Proposed constitutional amendment would limit Denver-area housing growth — Denver Business Journal

Denver photo via Allen Best
Denver photo via Allen Best

From The Denver Business Journal (Ed Sealover):

Dismayed by highway congestion and hamstrung government budgets, the author of Golden’s 21-year-old housing-growth limitations has submitted an initiative for the 2018 ballot that would cap the number of new homes and apartments going up along most of the Front Range.

Daniel Hayes’ effort must be categorized, at least for now, as a long shot.

Not only has he not solicited funders or backers for the campaign, but he said in an interview Thursday that he plans to file a lawsuit challenging the constitutionality of the recently passed Amendment 71, arguing that it would be nearly impossible to meet the new threshold of 55 percent approval to pass a constitutional amendment like his.
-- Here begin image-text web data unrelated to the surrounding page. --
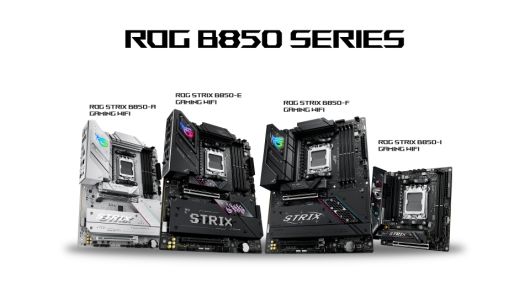 (이미지 출처 : ASUS 코리아 제공)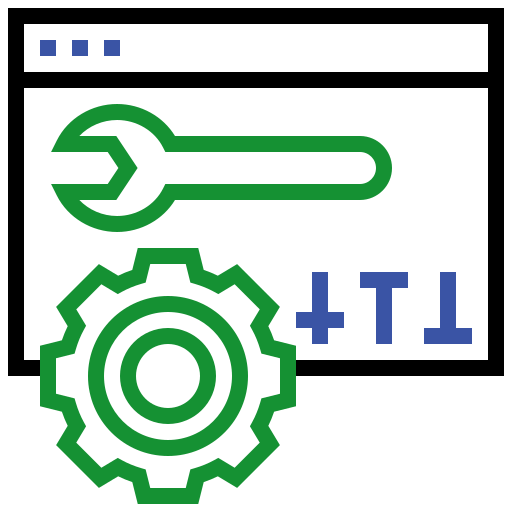 Computer Repairs Support Pc Development Group - 8K Sunset Arts for Desktop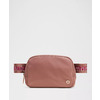 1L lululemon Men's or Women's Everywhere Belt Bag (Spiced Chai) $29 + Free Shipping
But local economic-development leaders are already concerned about the implications of any such proposal on being able to attract more jobs and workers if the supply of housing dries up.

And Hayes said he believes he can tap into a growing sentiment among Colorado residents that people should be able to control the amount of new housing before its effects and the effects of a booming population weigh even further on the crowding of highways, schools and other infrastructure.

“The growth is completely out of control. And it’s costly,” Hayes told the Denver Business Journal. “Excessive growth will bankrupt the state. There’s already no money for highways.”

The U.S. Census Bureau estimates that Colorado’s population grew 8.5 percent between 2010 and 2015, reaching a level of nearly 5.5 million people. The growth rate is one of the fastest in the country during that time period, and roughly two-thirds of the growth comes from in-migration rather than the natural cycles of state residents’ birth over death, studies have shown.

Hayes’ proposed constitutional amendment would, beginning in 2019, limit the number of new residences in the seven-county Denver metro area and in El Paso, Larimer and Weld counties to no more than 1 percent growth per year. Homes would be counted as one structure in that calculation and each apartment in a new apartment building would also be counted as one structure.

In addition, the proposal would allow residents of any other city or county government to petition to put a similar growth limitation on their local ballot. And it would allow growth limitations to be amended or repealed by initiative or referendum beginning in 2021.